Question

A die is thrown once. Probability of getting a number other than 3 is :

• A. \(\frac{1}{6}\)
• B. \(\frac{3}{6}\)
• C. \(\frac{5}{6}\)
• D. 1

Hint:

You can also use the complement rule: \(P(\text{not } E) = 1 - P(E)\). Here, \(1 - P(3) = 1 - 1/6 = 5/6\).

Answer 1

The Correct Option is C

To determine the probability of getting a number other than 3 when a die is thrown, we can use the fundamental concept of probability.

The probability \( P \) of an event happening is given by the formula:

\(P(\text{event}) = \frac{\text{Number of favorable outcomes}}{\text{Total number of possible outcomes}}\)
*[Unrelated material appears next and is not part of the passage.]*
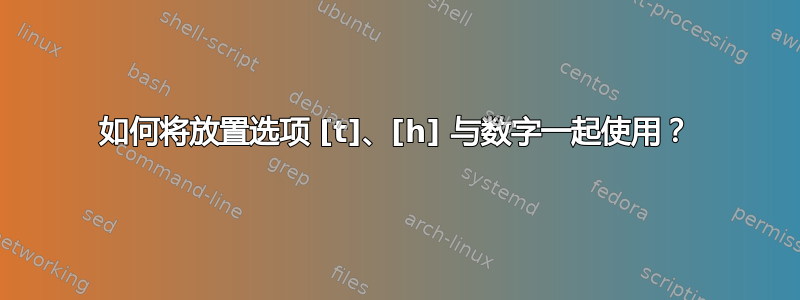如何将放置选项 [t]、[h] 与数字一起使用？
A standard die has 6 faces, numbered from 1 to 6. So, the total number of possible outcomes when throwing the die once is 6.

The favorable outcomes for getting a number other than 3 are: 1, 2, 4, 5, and 6. This gives us a total of 5 favorable outcomes.

Using the formula mentioned above, the probability of getting a number other than 3 is:

\(P(\text{not 3}) = \frac{5}{6}\)

Therefore, the correct answer is \(\frac{5}{6}\).

Conclusion: The probability of getting a number other than 3 when a die is thrown once is \(\frac{5}{6}\).